Con tantas ciudades coloniales como llevo vistas y lo mucho que se parecen unas a otras, me cuesta mucho que alguna me sorprenda. Reconozco que esta me ha gustado mucho, quizá por su autenticidad y simpleza.

graciascalle gracias

Me despedí de Gracias subiendo al fuerte de San Cristóbal, donde me encontré por sorpresa con el equipo de grabación de un programa español de aventura, ese en el que se llevan a unos cuantos famosos a una isla desierta. Por allí andaban haciendo una de esas pruebas. Menuda parafernalia tenían montada… viajando en helicóptero y durmiendo en hotelazo. ¡Así yo también sobrevivo!

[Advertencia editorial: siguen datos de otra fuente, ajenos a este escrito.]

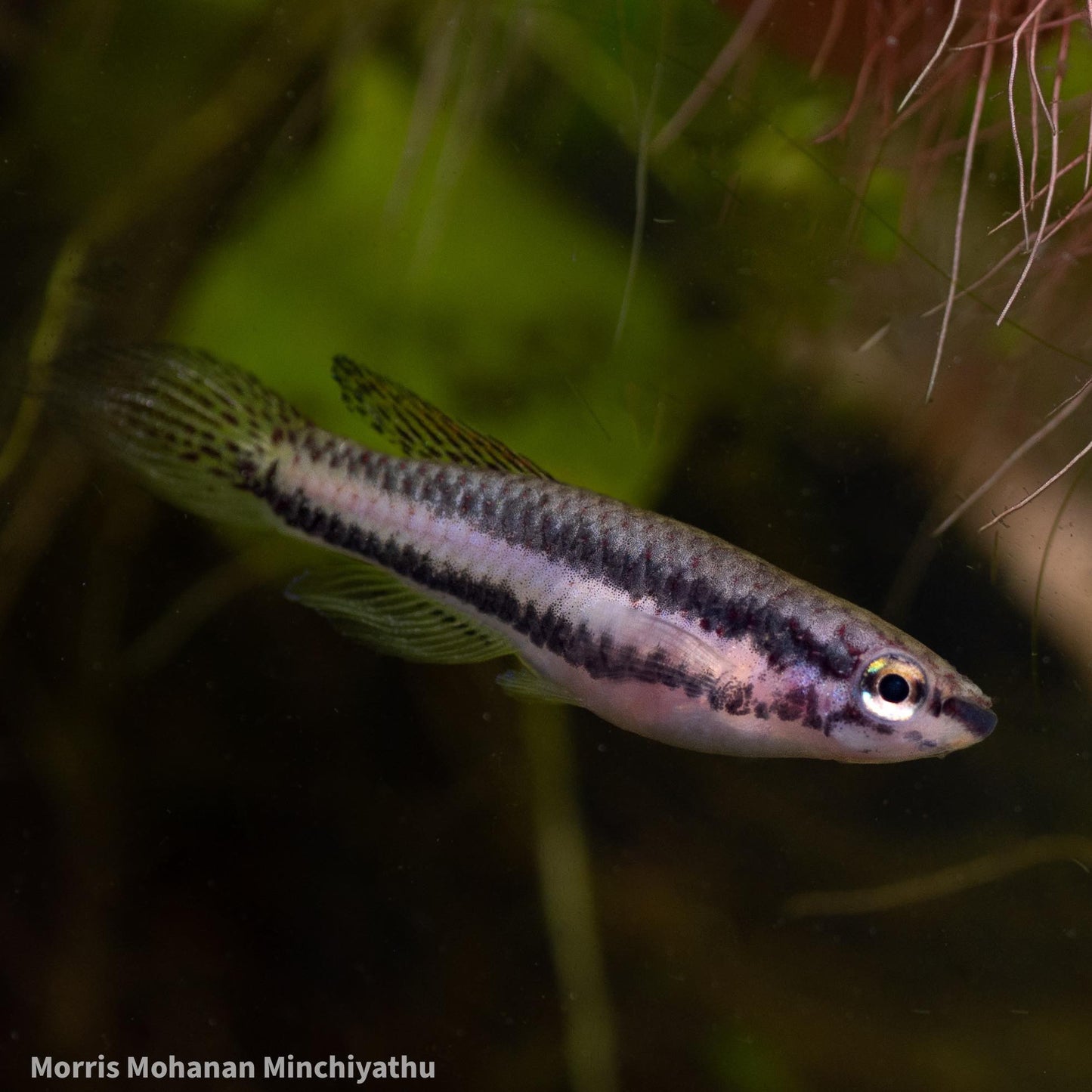 Aphyosemion bivittatum-lagos (Aphyosemion Bivittatum)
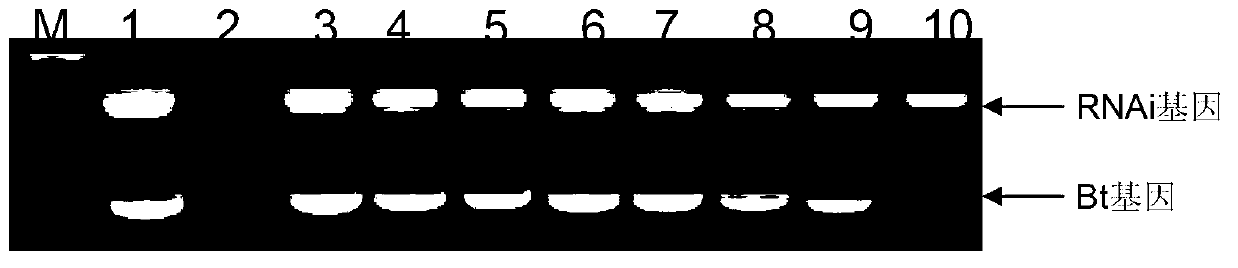 Method for doubly preventing tomato root-knot nematode by combining efficient RNA (Ribonucleic Acid) with Bt gene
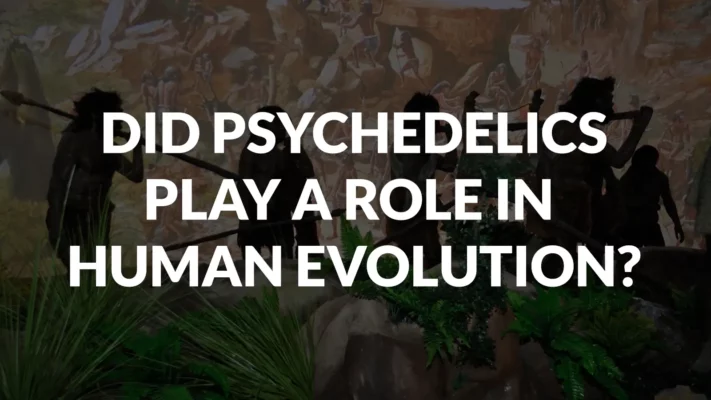 Did Psychedelics Play A Role In Human Evolution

fuerte san cristobalfuerte gracias

Bueno, antes de llegar a la caótica Tegucigalpa, me tomé un último momento de relax. También hay muchos parajes naturales donde escapar de la hostilidad de las grandes ciudades, como estas pozas de aguas termales que encontré en mitad de la sierra hondureña, muy cerca de Gracias.

aguas termales

Tegucigalpa, capital de Honduras

Como buena capital centroamericana, Tegus es un horror. La salva un centro histórico con un par de calles peatonales, algún centro cultural e iglesias como la de Santa María de los Dolores.

iglesia tegucigalpa

En la capital pude probar el plato más típico de la gastronomía hondureña: las “baleadas“. No es de extrañar que se llame así atendiendo a los numerosos homicidios que se dan en el país y a la ingente cantidad de armas que se ven en cualquier esquina. Cualquier tienda pequeña tiene un guardia de seguridad con un arma como la que veis en la foto. No es ninguna broma, Honduras es el país del mundo en el que más homicidios se cometen en proporción a su población. Seguidos de El Salvador y Guatemala, países junto a los cuales conforma el denominado Triángulo Norte de Centroamérica. Para ser exactos, según la ONU se produjeron en Honduras 68 homicidios por cada 100 mil habitantes durante 2014 (fueron 90 en 2013). Como referencia, la media mundial está por debajo de 7, en Europa es de 3,5 y en España de 0,8.

seguridad honduras
Por cierto, cuenta la leyenda que a la señora que inventó estas tortillas de harina rellenas de frijol, mantequilla, queso y huevo; la balearon en su restaurante y se le quedo ese apodo, a ella y a su creación, hoy plato nacional. 

baleadas

En mi paso por Honduras renuncié dolorosamente a unos de los destinos que tenía planeado visitar por aquí: Belice, las “Honduras Británicas”. Pero me quedó muy satisfecho de lo poco que conocí de este país. Fue intenso y, sobre todo, muy enriquecedor. Hay mucho que conocer en este país tan castigado por la violencia. Si regreso algún día tendré todavía muchos lugares por visitar, ¡eso siempre motiva!